### TASK BRIEF
Look below for the line containing "WHITE HOUSE BLACK", then write out that line and every line after it to the end, exactly, minus the pictures.

### AVAILABLE DATA
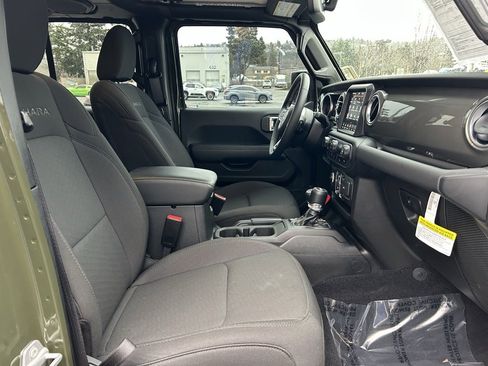 Used 2023 Jeep Wrangler Sahara image 16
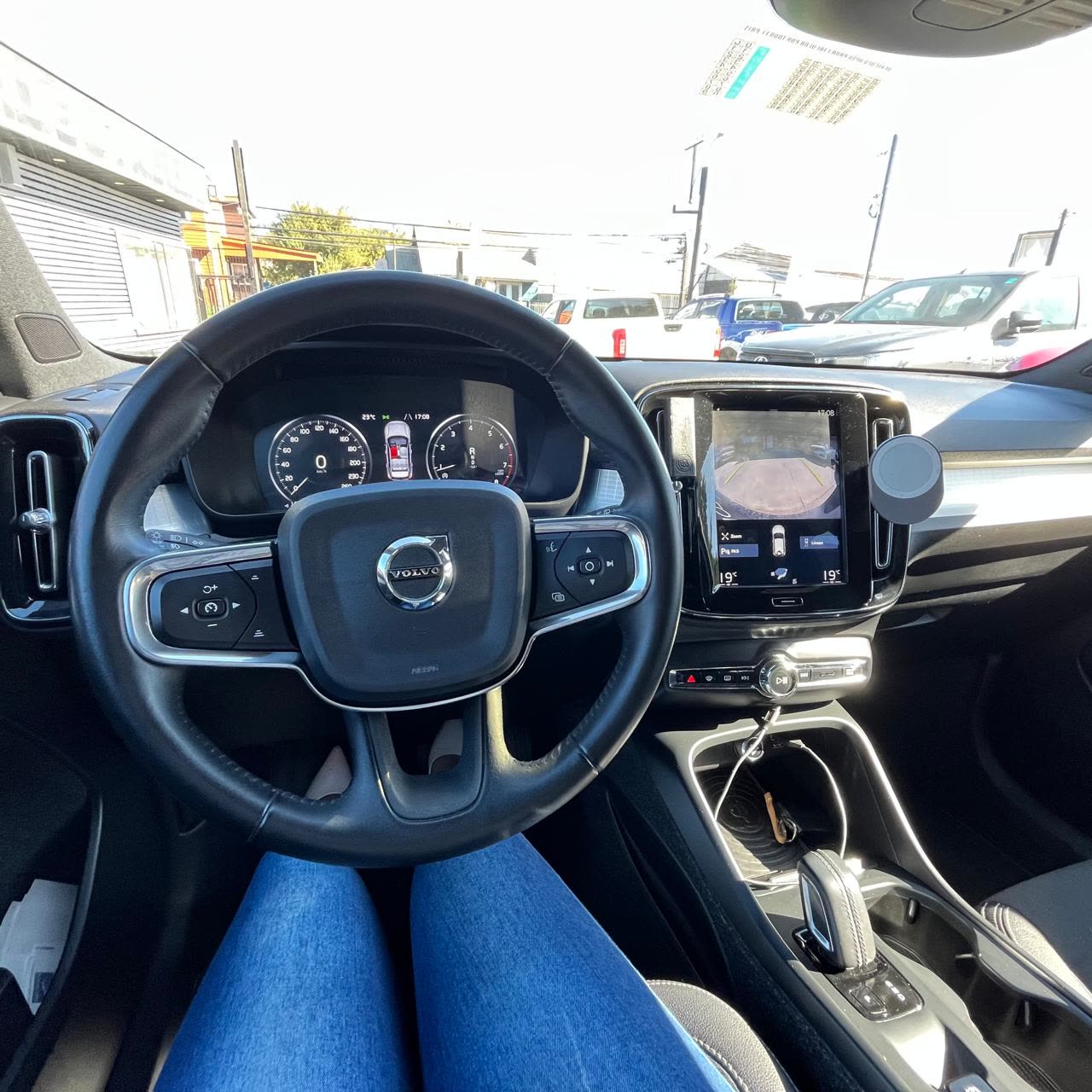 Volvo Xc40 — foto 14 de 15
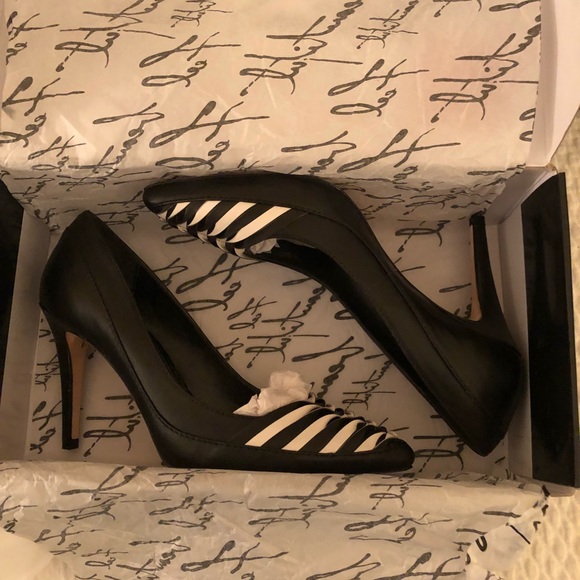 WHITE HOUSE BLACK MARKET HEELS - Picture 5 of 8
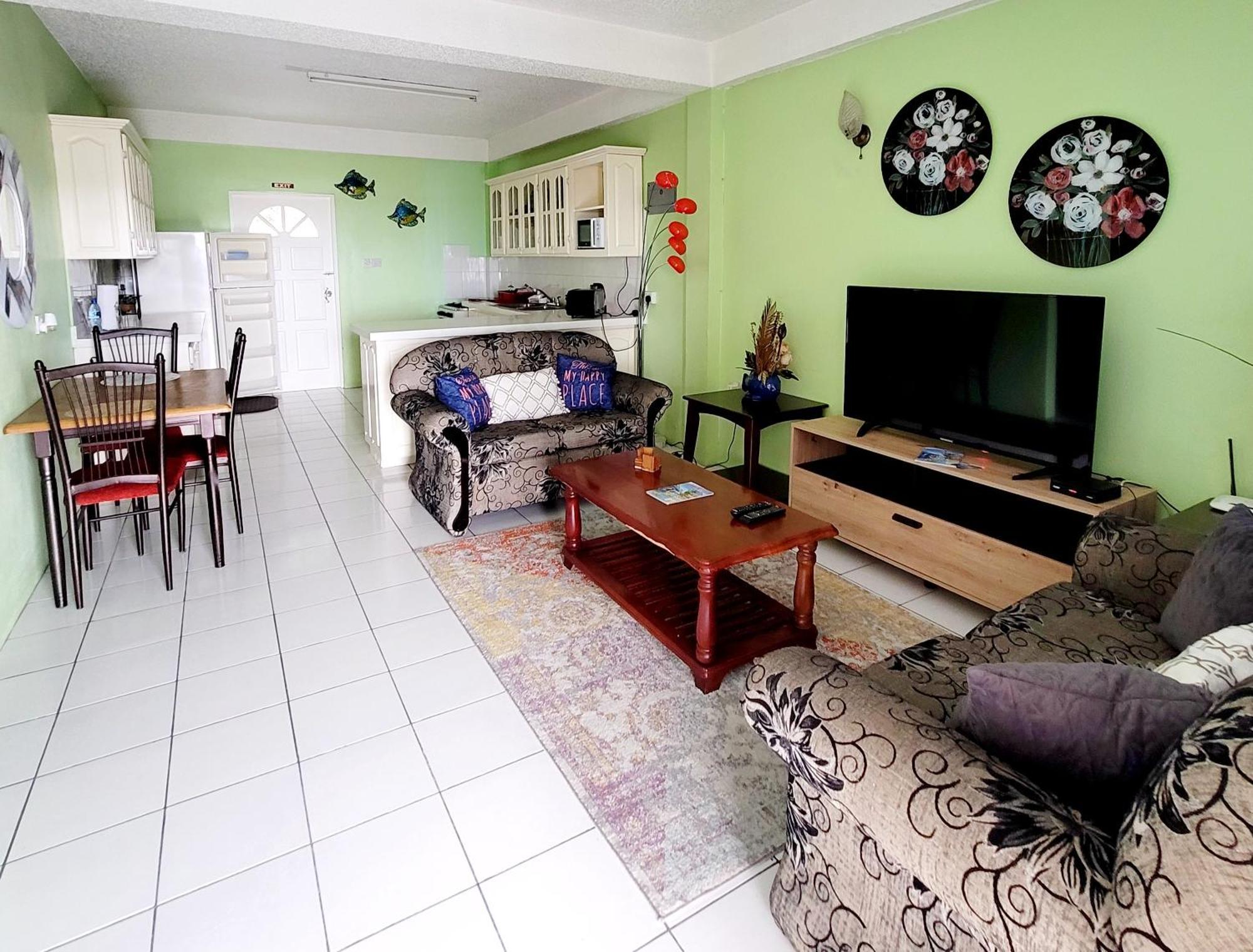 Silver View Apartments St. George's Εξωτερικό φωτογραφία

### WRITTEN ANSWER
 WHITE HOUSE BLACK MARKET HEELS - Picture 5 of 8
 Silver View Apartments St. George's Εξωτερικό φωτογραφία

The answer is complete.